今後の不動産価格の動向については、「上がると思う」が42.2%(前回2025年7月調査比0.8ポイント上昇)と6回連続の40%超で、8回連続で最多の回答となった。「横ばいで推移する思う」は30.4%(同0.8ポイント上昇)、「下がると思う」は19.7%(同2.7ポイント上昇)。「わからない」は7.7%(同4.3ポイント低下)と、前回の回答から最も大きな変化があった。
フリーコメントでは、上がると思う理由について「都心マンション価格が高騰しているが、人件費と資材高騰、円安、低金利により下がる要因がないため」など。下がると思う理由では「金利がこれからさらに上がる反動で、不動産価格は下がると思われる」などが挙げられた。

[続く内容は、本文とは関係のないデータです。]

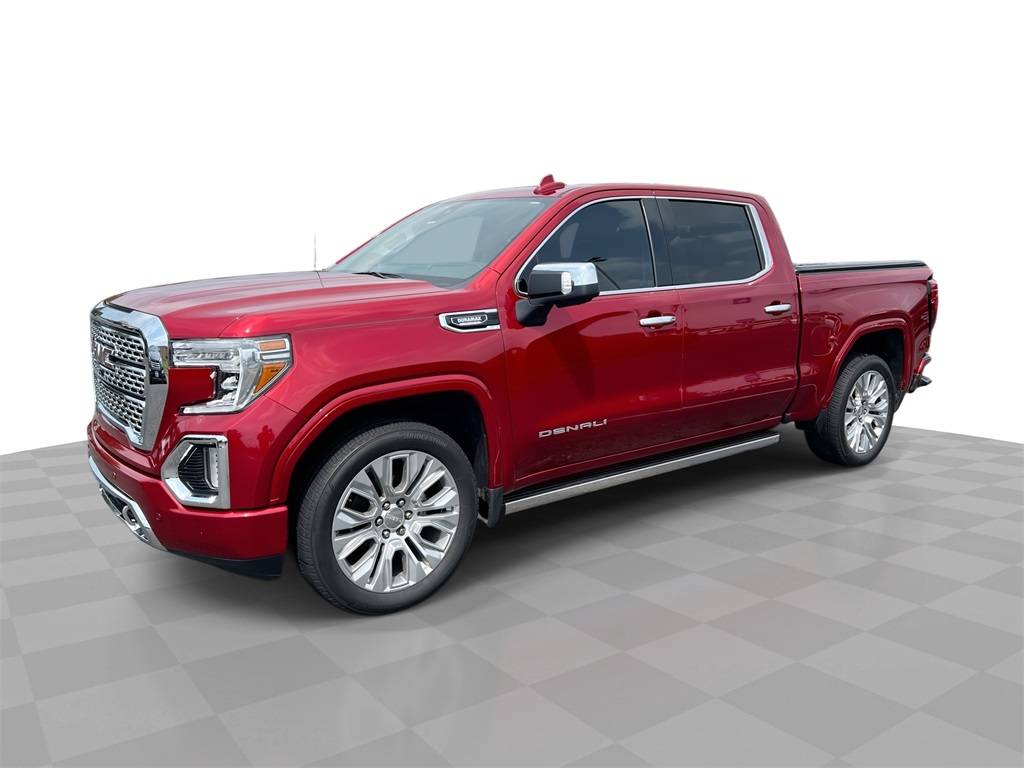 2021 GMC Sierra 1500 Denali — Pickup Truck — 58,931 mi — Morris, IL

現時点で不動産は売り時かを聞くと、「売り時だと思う」が22.1%(同2.7ポイント上昇)、「どちらかといえば売り時だと思う」が55.6%(同3.2ポイント低下)、「どちらかといえば売り時だと思わない」が10.0%(同4.1ポイント低下)、「売り時だと思わない」が12.3%(同4.6ポイント上昇)となった。「売り時」「どちらかといえば売り時」の合計が77.7%(同0.5ポイント低下)と、19回連続で売り時だと考える顧客が多くなった。

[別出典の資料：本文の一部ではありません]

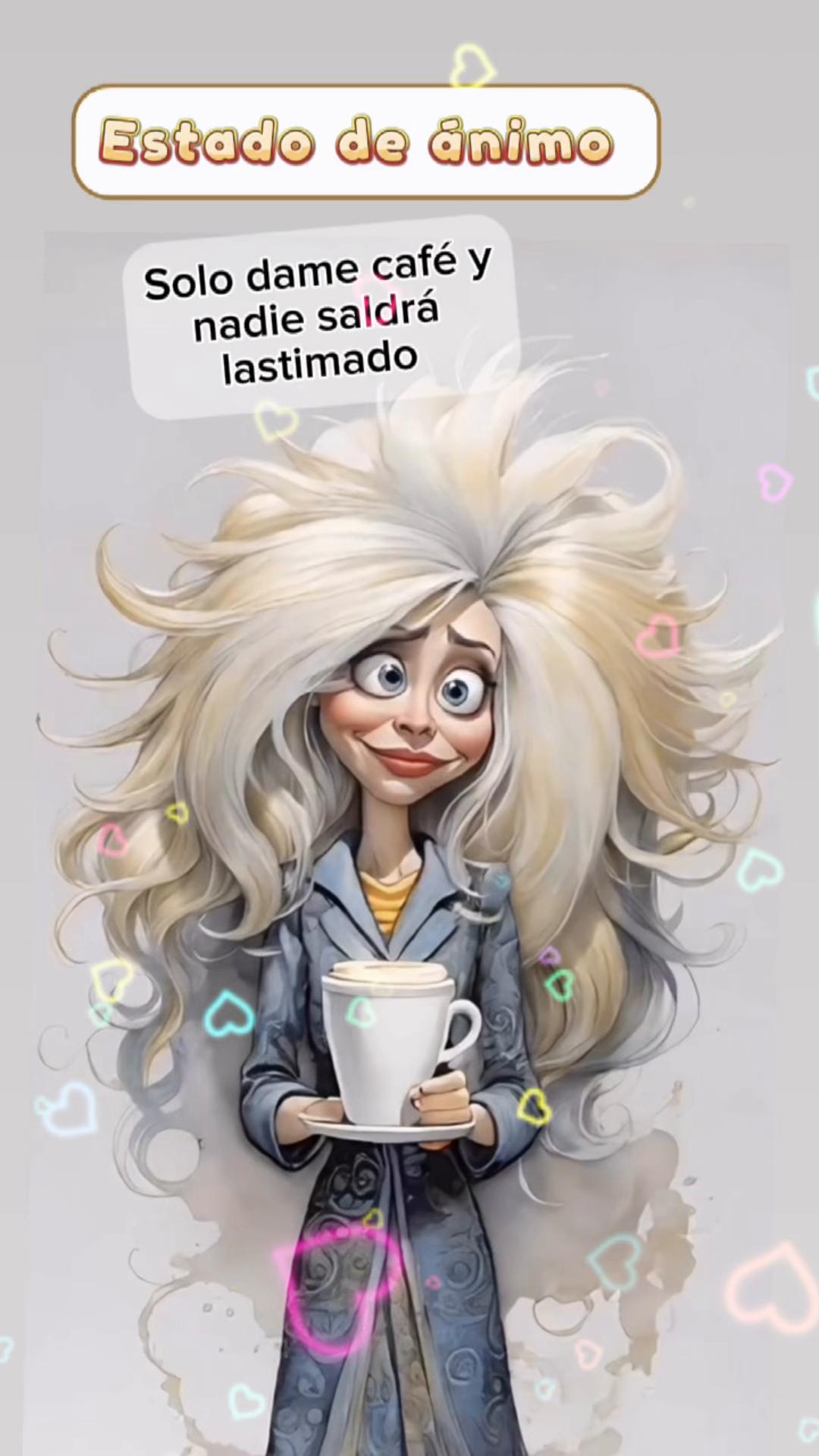 @buenos días y bendiciones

売り時だと思う理由では、トップが「不動産価格が上昇していると感じるため」の72.2%(同4.2ポイント低下)。以下、「今なら好条件で売却できると期待できるため」61.5%(同7.9ポイント上昇)、「購入検討者が多く、市場の需給が良いと感じるため」20.0%(同4.7ポイント上昇)と続いた。
今後の住宅ローン金利はどうなるか、を聞いたところ、「明確に上昇していくと思う」が91.0%(同9.3ポイント上昇)が最も多く、その割合は質問を設けた21年7月以来で最も高くなった。

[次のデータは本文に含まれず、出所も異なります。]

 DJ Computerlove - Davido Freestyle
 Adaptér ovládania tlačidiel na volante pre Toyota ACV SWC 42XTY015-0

既存住宅に対する住宅ローン減税について、26年度税制改正で優遇拡充、条件緩和される方針を知っているか、について聞いたところ、「よく知っている」(7.8%)と「ある程度知っている」(32.5%)、「聞いたことはある」(28.6%)の合計が68.9%に上った。この措置が住宅購入の判断にどの程度影響するか聞いたところ、「大きな後押しになる」(9.9%)、「ある程度後押しになる」(51.4%)の合計が61.3%となり、既存住宅購入の判断に後押しになるという結果となった。